Linda Hargreaves is a British actress who has appeared on both stage and screen. She made her television debut in the BBC soap opera Doctors and has since returned to the soap on three occasions in different roles, most recently in the recurring role of Constance Buchanan. She has also appeared in various television series including Containment and Call the Midwife.

==Life and career==
Hargreaves is a graduate of the Birmingham School of Acting, completing her studies in 2012. In 2014, she made her television debut as Stephanie Preston in the BBC soap opera Doctors. In 2015, she portrayed a hotel maid in an episode of Londongrad. In 2016, Hargreaves appeared in various guest roles, including Pamela in an episode of the sixth series of Vera, a history teacher in Raised by Wolves and an audience member in Morgana Robinson's The Agency.

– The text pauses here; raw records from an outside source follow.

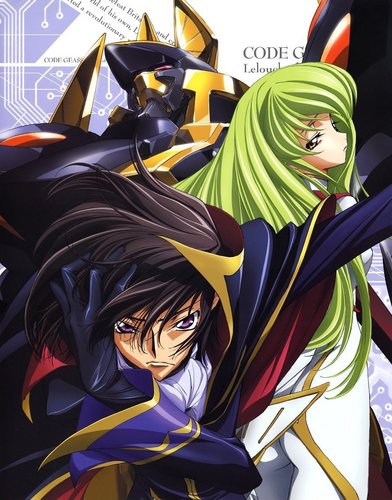  CC and Lelouch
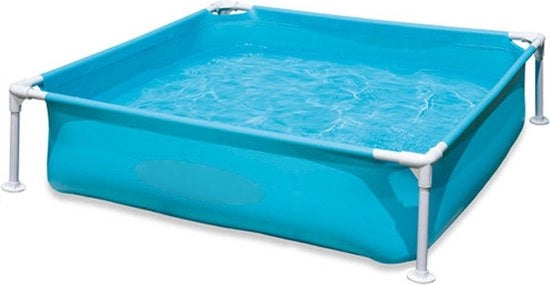 Mini Frame Piscina Blu 122x122cm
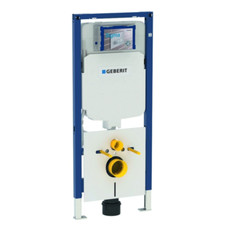 STAFFA PER WC SOSPESO GEBERIT DUOFIX SIGMA 8 CON CASSETTA RISCIACQUO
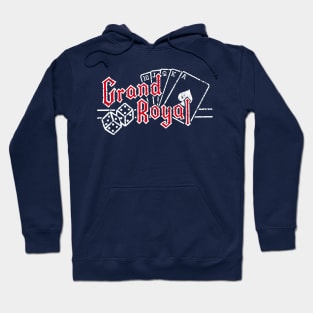 Grand Royal - Distressed Hoodie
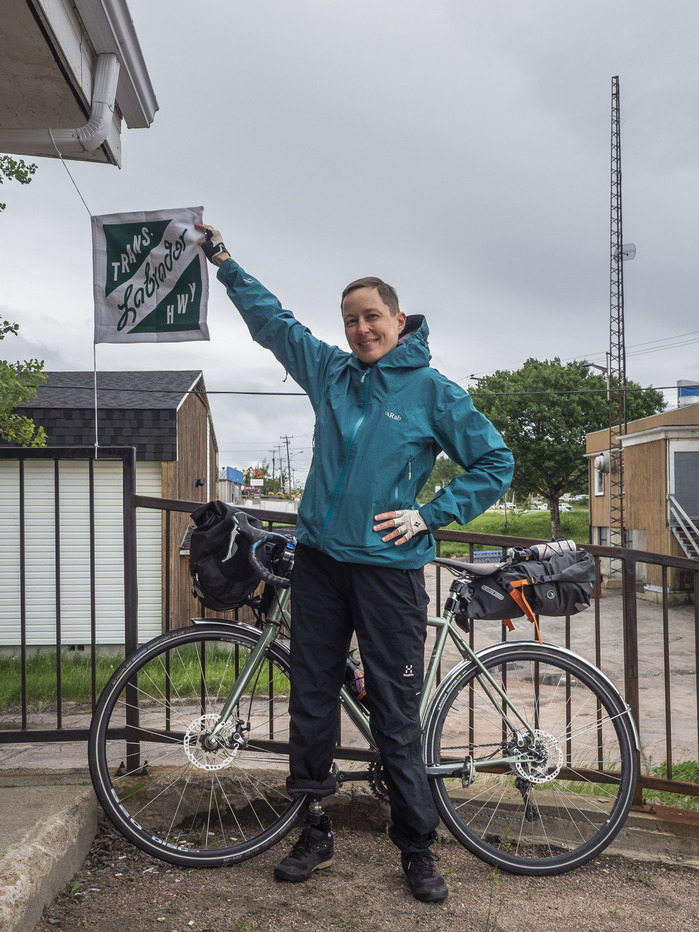 “Trans-Labrador Highway” flag 5
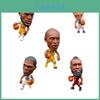 Figuras Colecionáveis de Jogadores da NBA Kobe James Curry Mini Bonecos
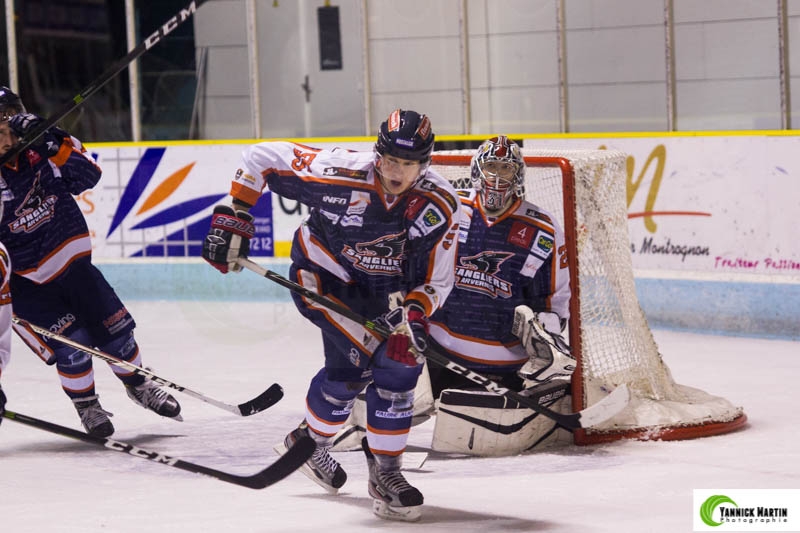 Photo hockey Division 1 - Division 1 : 26ème journée : Clermont-Ferrand vs Dunkerque - D1 : Clap de fin de saison pour les Sangliers et les Corsaires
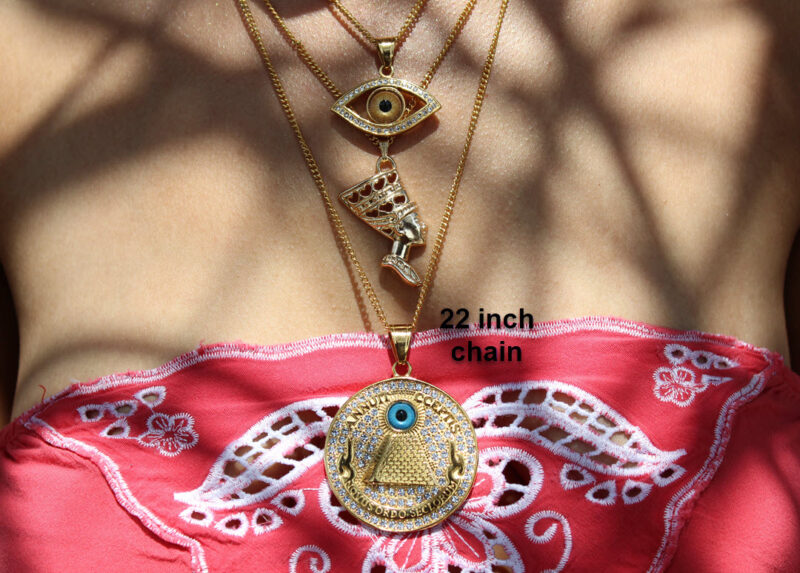 22 Inch Gold Plated Chain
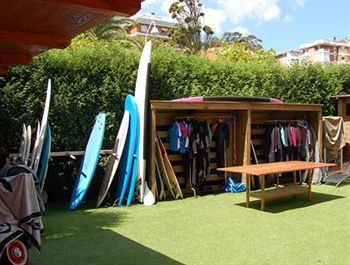 Las Dunas Hostel Salinas (Castrillon) Exterior photo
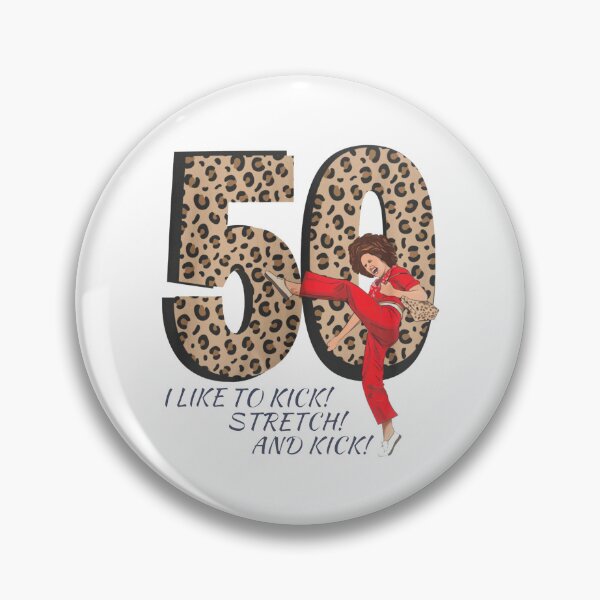 Item preview, I'm 50 and I like to Kick, Sally O'Malley is 50, 50th Birthday, 50 Year Old designed and sold by M-Andrews.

The following year, she made her film debut as Mrs. Holding in the drama film Mad to Be Normal, before returning to Doctors, this time in the role of Dr. Liz Kewn. In 2018, Hargreaves appeared in an episode of the CBBC television series 4 O'Clock Club and played a passenger in the BBC political thriller series Bodyguard. She also portrayed Carla in the film Elizabeth Is Missing in 2019 and returned to Doctors for a third time as Kathy Richards in the episode "This Far and No Further".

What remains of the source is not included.